Она объединяла гениев. Самой экстравагантной модернистке Гертруде Стайн - 150
Писательница и журналистка Клаудия Рот Пиропнт, к слову, любительница русских балетов, в своей книге о Гертруде Стайн поставила вопрос ребром: так чем же в итоге была ее жизнь: революцией или затянувшейся вечеринкой? Никто более точно тайну жизни одной из самых экстравагантных писательниц и меценаток XX века не сформулировал.
Избалованная американская девочка из богатой семьи переселенцев, получившая громадное наследство и сбежавшая из Америки в Париж - вот с чего начинается история Гертруды Стайн. Конечно, биографы такую эмиграцию постараются оправдать поисками нового языка, новых красок, новых смыслов, но то творчество, которое пропагандировала Гертруда в Европе, отменяло и язык, и смыслы напрочь. Не зря ее прозвали матерью модернизма. И как символ этой отмены, как эпиграф к первой половине ее жизни звучит вот этот перл Гертруды "Роза есть роза есть роза есть роза". Именно так, без запятых, потому что "смысл должен быть понятен сам по себе, а не проясняться запятыми".

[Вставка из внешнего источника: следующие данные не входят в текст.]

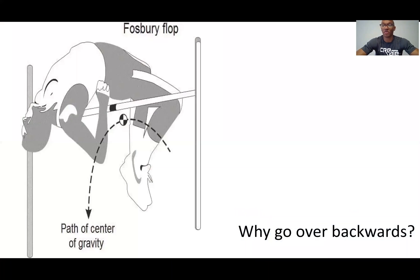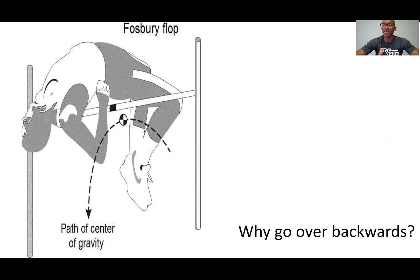The genius of the Fosbury flop is not that the athlete would go over backwards, but the fact that as the athlete soared over the bar, their center of gravity actually passed below it. When trying to get over an obstacle, you usually have to translate your center of gravity to a point at or higher than the obstacle you're trying to get over. And this is the case for every other high jump technique except the Fosbury flop. Thus, by using the Fosbury flop, Richard Fosbury was actually using less energy than his competitors, as he had to translate his center of gravity to a lower point.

Тут надо сразу оговориться, что это не единственный афоризм Стайн, оставшийся в энциклопедиях. Все же были и вполне осмысленные высказывания - и даже с использованием знаков препинания - они, правда, встречались не в стихах и рассказах, а в письмах. Это ей принадлежит фраза, взятая Хемингуэем в эпиграф одного из своих романов: "Вся молодежь, побывавшая на войне, - потерянное поколение". С тех пор термин "потерянное поколение" вошел в историю искусства и даже в психологические и философские трактаты. Вот только, опять же, термин этот вряд ли подчеркивал истину, потому что все, кого называли "потерянным поколением", в итоге никуда не потерялись, а совсем даже наоборот, оказались на виду: тот же Хемингуэй, Элиот, Ремарк, Фицджеральд…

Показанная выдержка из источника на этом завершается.